▸ THE TASK
Two lines below mark the span: the one containing "Conjunto de Sudadera" and the one containing "Embroidery knitted scarf hat gloves set". Set down both, plus every line between, exactly as they stand, and nothing else.

(Collected data entries)
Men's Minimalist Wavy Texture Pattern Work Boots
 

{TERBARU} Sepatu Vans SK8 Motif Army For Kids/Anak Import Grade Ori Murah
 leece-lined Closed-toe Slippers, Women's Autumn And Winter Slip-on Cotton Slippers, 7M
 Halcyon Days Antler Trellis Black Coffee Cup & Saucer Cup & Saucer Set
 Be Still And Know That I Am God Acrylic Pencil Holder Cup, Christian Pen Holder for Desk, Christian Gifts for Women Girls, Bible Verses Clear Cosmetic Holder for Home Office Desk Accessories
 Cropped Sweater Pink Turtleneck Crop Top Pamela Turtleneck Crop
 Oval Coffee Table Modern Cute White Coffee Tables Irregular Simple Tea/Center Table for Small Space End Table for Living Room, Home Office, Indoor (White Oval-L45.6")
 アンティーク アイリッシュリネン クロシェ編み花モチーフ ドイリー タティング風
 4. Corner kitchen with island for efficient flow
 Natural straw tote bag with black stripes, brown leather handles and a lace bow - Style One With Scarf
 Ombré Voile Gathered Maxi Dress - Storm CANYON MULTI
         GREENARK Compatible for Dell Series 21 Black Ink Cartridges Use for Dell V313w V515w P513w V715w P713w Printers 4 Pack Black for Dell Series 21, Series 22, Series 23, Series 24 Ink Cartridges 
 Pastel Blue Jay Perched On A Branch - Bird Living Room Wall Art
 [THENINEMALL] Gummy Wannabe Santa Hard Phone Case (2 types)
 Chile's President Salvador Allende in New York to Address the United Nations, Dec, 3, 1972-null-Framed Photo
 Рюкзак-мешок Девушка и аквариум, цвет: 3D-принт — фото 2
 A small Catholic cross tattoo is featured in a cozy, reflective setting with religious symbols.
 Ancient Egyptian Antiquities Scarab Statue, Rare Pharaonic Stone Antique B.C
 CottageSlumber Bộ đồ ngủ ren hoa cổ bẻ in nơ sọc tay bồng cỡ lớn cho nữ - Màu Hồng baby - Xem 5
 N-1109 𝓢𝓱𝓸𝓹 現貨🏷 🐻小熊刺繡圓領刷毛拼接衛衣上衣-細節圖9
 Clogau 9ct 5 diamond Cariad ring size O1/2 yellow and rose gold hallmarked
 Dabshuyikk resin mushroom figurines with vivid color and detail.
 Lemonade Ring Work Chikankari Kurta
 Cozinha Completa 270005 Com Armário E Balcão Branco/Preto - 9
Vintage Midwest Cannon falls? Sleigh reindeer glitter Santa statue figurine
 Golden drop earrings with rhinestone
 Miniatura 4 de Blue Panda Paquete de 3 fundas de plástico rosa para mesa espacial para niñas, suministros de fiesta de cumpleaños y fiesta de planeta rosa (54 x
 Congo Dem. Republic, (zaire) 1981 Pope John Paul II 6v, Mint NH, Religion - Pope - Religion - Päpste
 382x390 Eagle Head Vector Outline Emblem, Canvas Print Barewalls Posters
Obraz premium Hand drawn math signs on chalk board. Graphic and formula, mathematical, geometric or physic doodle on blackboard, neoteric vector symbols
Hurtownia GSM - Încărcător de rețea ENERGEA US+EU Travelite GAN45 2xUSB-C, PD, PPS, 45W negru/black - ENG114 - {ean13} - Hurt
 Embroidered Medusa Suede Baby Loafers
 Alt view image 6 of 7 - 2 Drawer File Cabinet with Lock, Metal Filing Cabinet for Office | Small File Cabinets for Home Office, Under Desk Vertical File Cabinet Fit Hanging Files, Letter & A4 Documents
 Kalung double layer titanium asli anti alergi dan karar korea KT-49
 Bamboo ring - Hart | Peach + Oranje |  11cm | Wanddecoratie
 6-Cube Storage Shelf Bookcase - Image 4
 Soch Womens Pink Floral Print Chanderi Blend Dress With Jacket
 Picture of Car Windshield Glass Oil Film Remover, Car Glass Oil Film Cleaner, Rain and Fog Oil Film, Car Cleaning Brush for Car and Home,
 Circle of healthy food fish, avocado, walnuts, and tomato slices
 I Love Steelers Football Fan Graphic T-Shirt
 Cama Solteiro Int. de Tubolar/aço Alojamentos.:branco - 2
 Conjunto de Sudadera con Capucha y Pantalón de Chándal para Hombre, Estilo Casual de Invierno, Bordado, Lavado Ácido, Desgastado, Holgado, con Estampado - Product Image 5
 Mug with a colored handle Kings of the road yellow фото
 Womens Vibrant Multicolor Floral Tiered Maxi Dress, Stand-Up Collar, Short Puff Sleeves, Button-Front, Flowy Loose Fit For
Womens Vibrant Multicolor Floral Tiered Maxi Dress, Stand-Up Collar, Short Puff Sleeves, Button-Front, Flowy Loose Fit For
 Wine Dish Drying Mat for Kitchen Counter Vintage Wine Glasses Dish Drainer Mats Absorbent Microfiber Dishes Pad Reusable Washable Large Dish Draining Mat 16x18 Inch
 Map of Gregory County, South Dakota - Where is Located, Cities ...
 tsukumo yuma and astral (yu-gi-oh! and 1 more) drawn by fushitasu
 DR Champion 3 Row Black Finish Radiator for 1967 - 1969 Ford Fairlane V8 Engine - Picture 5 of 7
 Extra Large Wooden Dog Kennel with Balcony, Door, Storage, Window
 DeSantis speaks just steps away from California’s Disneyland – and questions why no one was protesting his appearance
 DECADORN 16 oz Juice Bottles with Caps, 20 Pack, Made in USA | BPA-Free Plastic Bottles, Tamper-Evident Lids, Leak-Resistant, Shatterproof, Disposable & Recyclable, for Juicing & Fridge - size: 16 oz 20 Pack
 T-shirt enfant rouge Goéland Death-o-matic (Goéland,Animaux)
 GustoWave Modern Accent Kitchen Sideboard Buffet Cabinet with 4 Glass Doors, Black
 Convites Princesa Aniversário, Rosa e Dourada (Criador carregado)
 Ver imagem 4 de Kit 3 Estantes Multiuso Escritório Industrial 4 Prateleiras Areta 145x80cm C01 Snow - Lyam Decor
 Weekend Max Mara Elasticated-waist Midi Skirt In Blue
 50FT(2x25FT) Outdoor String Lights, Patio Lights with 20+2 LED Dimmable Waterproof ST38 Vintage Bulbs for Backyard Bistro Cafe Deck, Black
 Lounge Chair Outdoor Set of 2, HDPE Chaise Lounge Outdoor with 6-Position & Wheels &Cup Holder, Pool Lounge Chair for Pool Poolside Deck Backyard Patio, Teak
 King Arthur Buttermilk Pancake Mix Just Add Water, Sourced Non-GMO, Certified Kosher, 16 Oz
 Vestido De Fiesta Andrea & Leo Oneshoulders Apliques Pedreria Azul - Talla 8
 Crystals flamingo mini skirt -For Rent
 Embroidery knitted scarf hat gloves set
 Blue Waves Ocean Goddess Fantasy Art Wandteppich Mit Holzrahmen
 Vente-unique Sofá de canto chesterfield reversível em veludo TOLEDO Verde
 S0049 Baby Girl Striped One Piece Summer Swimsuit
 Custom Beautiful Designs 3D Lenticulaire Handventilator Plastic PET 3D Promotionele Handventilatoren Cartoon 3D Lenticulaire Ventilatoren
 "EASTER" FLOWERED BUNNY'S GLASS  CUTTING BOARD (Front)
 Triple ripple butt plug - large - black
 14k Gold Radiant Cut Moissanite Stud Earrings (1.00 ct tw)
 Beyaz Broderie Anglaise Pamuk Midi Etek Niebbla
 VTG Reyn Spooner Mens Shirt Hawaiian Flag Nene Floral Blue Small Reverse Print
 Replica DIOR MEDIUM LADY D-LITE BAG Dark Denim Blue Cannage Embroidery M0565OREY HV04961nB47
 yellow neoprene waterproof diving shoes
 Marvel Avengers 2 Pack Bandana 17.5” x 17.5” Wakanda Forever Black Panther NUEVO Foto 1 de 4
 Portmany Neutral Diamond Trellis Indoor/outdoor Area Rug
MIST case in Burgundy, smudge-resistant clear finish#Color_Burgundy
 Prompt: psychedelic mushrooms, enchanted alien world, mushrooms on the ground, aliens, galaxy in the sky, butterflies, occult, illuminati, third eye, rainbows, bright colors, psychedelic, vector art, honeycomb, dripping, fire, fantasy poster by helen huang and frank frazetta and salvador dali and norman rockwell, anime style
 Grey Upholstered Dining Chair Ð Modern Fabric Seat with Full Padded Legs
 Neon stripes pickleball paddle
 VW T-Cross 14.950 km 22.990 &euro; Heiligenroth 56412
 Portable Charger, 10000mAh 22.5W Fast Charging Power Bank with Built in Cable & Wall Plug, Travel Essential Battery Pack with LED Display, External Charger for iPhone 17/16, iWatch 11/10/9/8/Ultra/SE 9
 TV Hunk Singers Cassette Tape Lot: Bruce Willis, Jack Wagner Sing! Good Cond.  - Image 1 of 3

▸ OUTPUT OF THE EXERCISE
 Conjunto de Sudadera con Capucha y Pantalón de Chándal para Hombre, Estilo Casual de Invierno, Bordado, Lavado Ácido, Desgastado, Holgado, con Estampado - Product Image 5
 Mug with a colored handle Kings of the road yellow фото
 Womens Vibrant Multicolor Floral Tiered Maxi Dress, Stand-Up Collar, Short Puff Sleeves, Button-Front, Flowy Loose Fit For
Womens Vibrant Multicolor Floral Tiered Maxi Dress, Stand-Up Collar, Short Puff Sleeves, Button-Front, Flowy Loose Fit For
 Wine Dish Drying Mat for Kitchen Counter Vintage Wine Glasses Dish Drainer Mats Absorbent Microfiber Dishes Pad Reusable Washable Large Dish Draining Mat 16x18 Inch
 Map of Gregory County, South Dakota - Where is Located, Cities ...
 tsukumo yuma and astral (yu-gi-oh! and 1 more) drawn by fushitasu
 DR Champion 3 Row Black Finish Radiator for 1967 - 1969 Ford Fairlane V8 Engine - Picture 5 of 7
 Extra Large Wooden Dog Kennel with Balcony, Door, Storage, Window
 DeSantis speaks just steps away from California’s Disneyland – and questions why no one was protesting his appearance
 DECADORN 16 oz Juice Bottles with Caps, 20 Pack, Made in USA | BPA-Free Plastic Bottles, Tamper-Evident Lids, Leak-Resistant, Shatterproof, Disposable & Recyclable, for Juicing & Fridge - size: 16 oz 20 Pack
 T-shirt enfant rouge Goéland Death-o-matic (Goéland,Animaux)
 GustoWave Modern Accent Kitchen Sideboard Buffet Cabinet with 4 Glass Doors, Black
 Convites Princesa Aniversário, Rosa e Dourada (Criador carregado)
 Ver imagem 4 de Kit 3 Estantes Multiuso Escritório Industrial 4 Prateleiras Areta 145x80cm C01 Snow - Lyam Decor
 Weekend Max Mara Elasticated-waist Midi Skirt In Blue
 50FT(2x25FT) Outdoor String Lights, Patio Lights with 20+2 LED Dimmable Waterproof ST38 Vintage Bulbs for Backyard Bistro Cafe Deck, Black
 Lounge Chair Outdoor Set of 2, HDPE Chaise Lounge Outdoor with 6-Position & Wheels &Cup Holder, Pool Lounge Chair for Pool Poolside Deck Backyard Patio, Teak
 King Arthur Buttermilk Pancake Mix Just Add Water, Sourced Non-GMO, Certified Kosher, 16 Oz
 Vestido De Fiesta Andrea & Leo Oneshoulders Apliques Pedreria Azul - Talla 8
 Crystals flamingo mini skirt -For Rent
 Embroidery knitted scarf hat gloves set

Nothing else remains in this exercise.